Markets wait on data after shoppers descend on Black Friday

Overview and Observation:

Watching the markets last week was like "watching paint dry." In anticipation of a "Thanksgiving mad shopping rush," the markets for the month end provided little in the way of "excitement." Not nearly as exciting as watching the "maniac shoppers" at the various malls trying to capitalize on the reduced prices for high end products. The "hoards" descended on the malls in great numbers and began to demonstrate their lack of restraint and consideration. One woman tazered another. Someone got stabbed defending his purchase outside a store. A number of fights took place over various items as they were placed on shelves. The "impression" foreigners must have gotten from the various melees was one of "primitive" behavior by Americans. Not sure how many of those shoppers are investors but with the light volumes on the various exchanges, one can assume many of them were. I will try to make sense of the data available to give my readers a possible advantage for their trading…

Interest Rates:

The March 30-year Treasury bond (CBOT:ZBH14) closed at 130 14/32nds, down 10/32nds or $312.50 per contract on Friday as recent talk from various Federal Reserve members indicated a "taper" of their bond purchase program may be in order sooner rather than later. We do not believe that with the plethora of "borderline" economic data and the ongoing U.S. labor condition that the Fed will act to cause rate increases. With the emphasis this past week on the retail sector, not much related to the overall economy was evident in the media. We continue to view Treasuries as in a trading range and would maintain strangle spreads.

Stock Indexes:

The Dow Jones industrials closed Friday 16,086.41, down 10.92 points but for the month gained 3.5%. The S&P 500 closed at 1,805.81, down 1.42 points but for the month gained 2.8%. The tech heavy Nasdaq held above $4,000 closing at 4,059.89, up 15.14 points and for the week gained 1.7% and for the month tacked on 3.6%. As with the Treasury market, not much was said about equities other than the speculation as to how the retail sector would do on Thanksgiving and then again on "Black Friday" when shoppers went "wild." We will have to await the results of the holiday spending before assessing the value to companies. We continue to suggest the implementation of hedging strategies for holders of large equity positions.
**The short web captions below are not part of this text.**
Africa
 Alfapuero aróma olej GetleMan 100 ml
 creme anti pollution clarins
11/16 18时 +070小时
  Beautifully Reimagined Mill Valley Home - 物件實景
The "black hole" we see developing further could result in an even sharper correction than the 8-10% decline we have been awaiting. There is no need to "ride the wave" when the selling hits when a risk/mitigation strategy could provide a level of capital preservation.
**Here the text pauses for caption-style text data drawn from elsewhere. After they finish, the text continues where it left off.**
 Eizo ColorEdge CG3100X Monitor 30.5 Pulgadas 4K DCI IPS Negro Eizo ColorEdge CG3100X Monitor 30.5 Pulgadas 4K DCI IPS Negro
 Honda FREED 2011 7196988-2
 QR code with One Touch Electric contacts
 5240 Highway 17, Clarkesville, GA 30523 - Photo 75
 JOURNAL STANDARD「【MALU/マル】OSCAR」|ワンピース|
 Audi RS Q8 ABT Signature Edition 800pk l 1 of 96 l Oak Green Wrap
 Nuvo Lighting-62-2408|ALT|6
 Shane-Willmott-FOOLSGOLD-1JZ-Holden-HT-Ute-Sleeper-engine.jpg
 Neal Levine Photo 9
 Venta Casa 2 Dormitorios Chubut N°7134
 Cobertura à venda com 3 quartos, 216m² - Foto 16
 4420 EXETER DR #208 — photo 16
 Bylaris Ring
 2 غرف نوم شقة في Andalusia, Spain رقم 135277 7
The March U.S. Dollar Index (NYBOT:DXH14) closed at 80.885 down 3.7 points and aside from the Euro, the Canadian Dollar and the Japanese yen, lost ground against most of its trading partners. The Japanese yen closed at 0.9789 ,down 30 points while the Euro lost 15 points to close at $1.3559. The Canbadian dollar lost 16 points to .9395. Gainers included the Swiss Franc 16 points to $1.1040, the British Pound 82 points to $1.6346, and the Australian dollar 30 points to .9042. The lack of news and the shortened holiday week provided the backdrop for trading activity this past week. Look for higher volume and trading activity this coming week depending on economic data and any "words of wisdom" emanating from the U.S. Federal Reserve or the Eurozone financial community. Bear in mind the relativity between the U.S. and the Eurozone countries will continue to direct market direction. We continue to favor the dollar.